Given data —
──────────
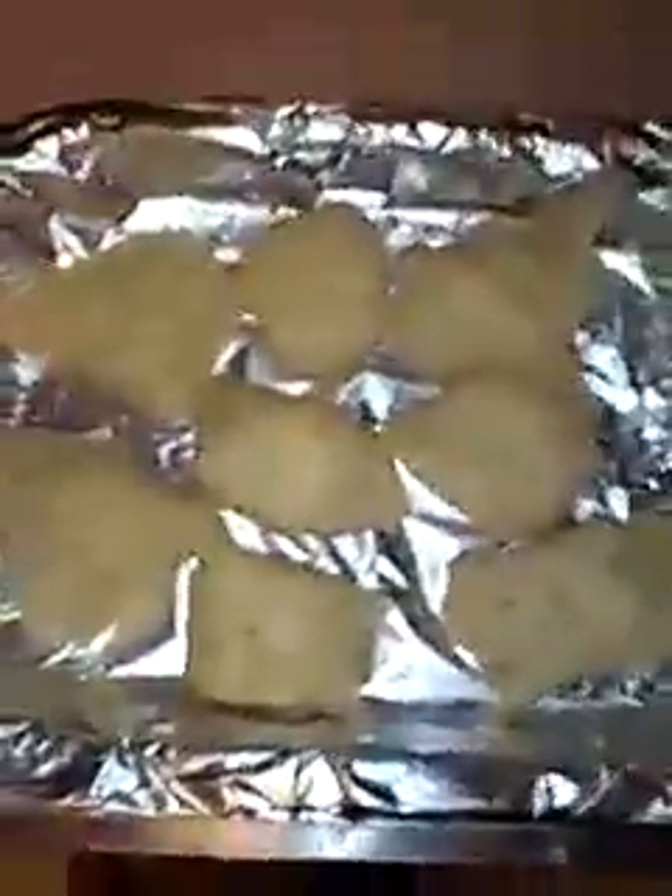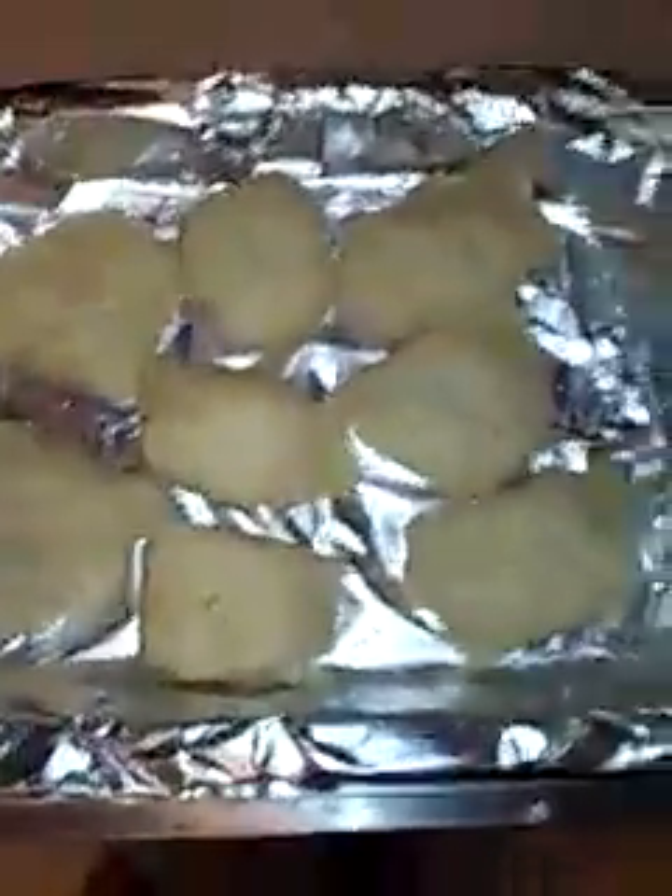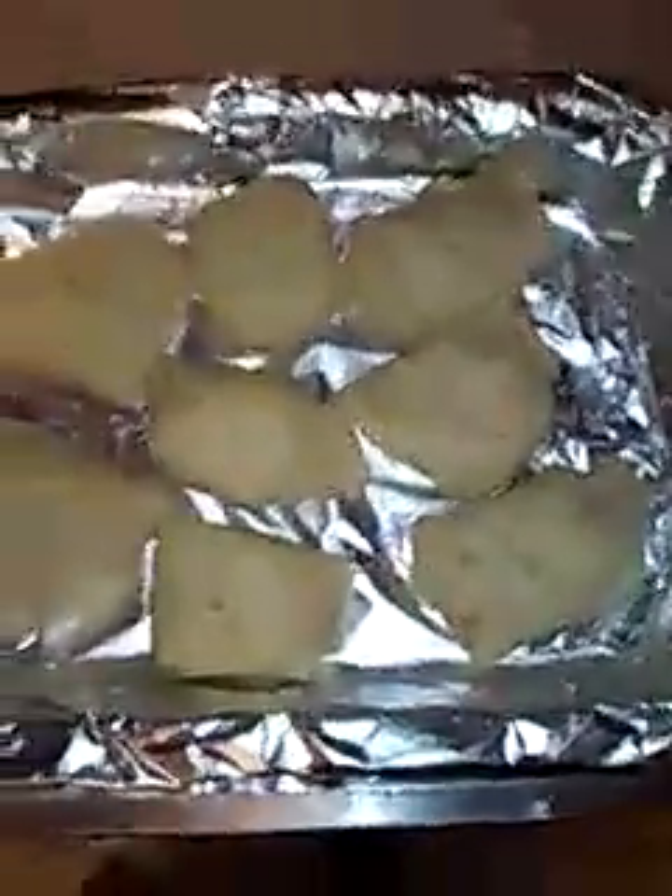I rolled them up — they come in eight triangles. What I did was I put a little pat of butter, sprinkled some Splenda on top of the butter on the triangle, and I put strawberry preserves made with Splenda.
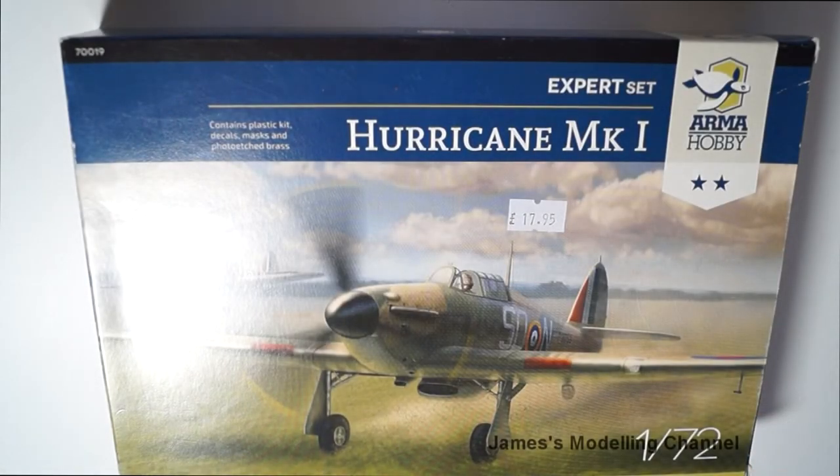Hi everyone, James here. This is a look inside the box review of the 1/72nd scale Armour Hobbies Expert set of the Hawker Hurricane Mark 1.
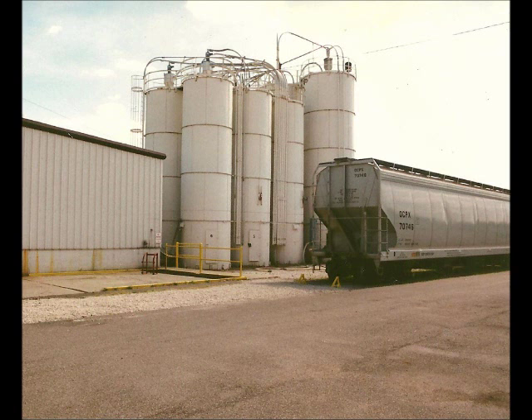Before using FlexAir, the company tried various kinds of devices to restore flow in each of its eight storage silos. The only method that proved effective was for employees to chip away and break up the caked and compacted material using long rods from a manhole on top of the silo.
──────────
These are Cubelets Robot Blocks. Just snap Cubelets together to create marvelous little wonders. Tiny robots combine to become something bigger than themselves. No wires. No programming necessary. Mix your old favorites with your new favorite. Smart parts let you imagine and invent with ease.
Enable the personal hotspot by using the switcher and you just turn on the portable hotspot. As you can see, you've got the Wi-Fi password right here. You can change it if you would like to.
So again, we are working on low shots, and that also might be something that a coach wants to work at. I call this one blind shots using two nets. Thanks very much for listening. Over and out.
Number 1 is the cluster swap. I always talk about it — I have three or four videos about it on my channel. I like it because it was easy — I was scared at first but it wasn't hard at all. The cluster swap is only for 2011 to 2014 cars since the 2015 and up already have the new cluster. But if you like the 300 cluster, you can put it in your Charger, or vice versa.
──────────
Aim of the task — Throughout the data, tally the lines that hold the string "something" and report the tally alone.

Expected answer — 2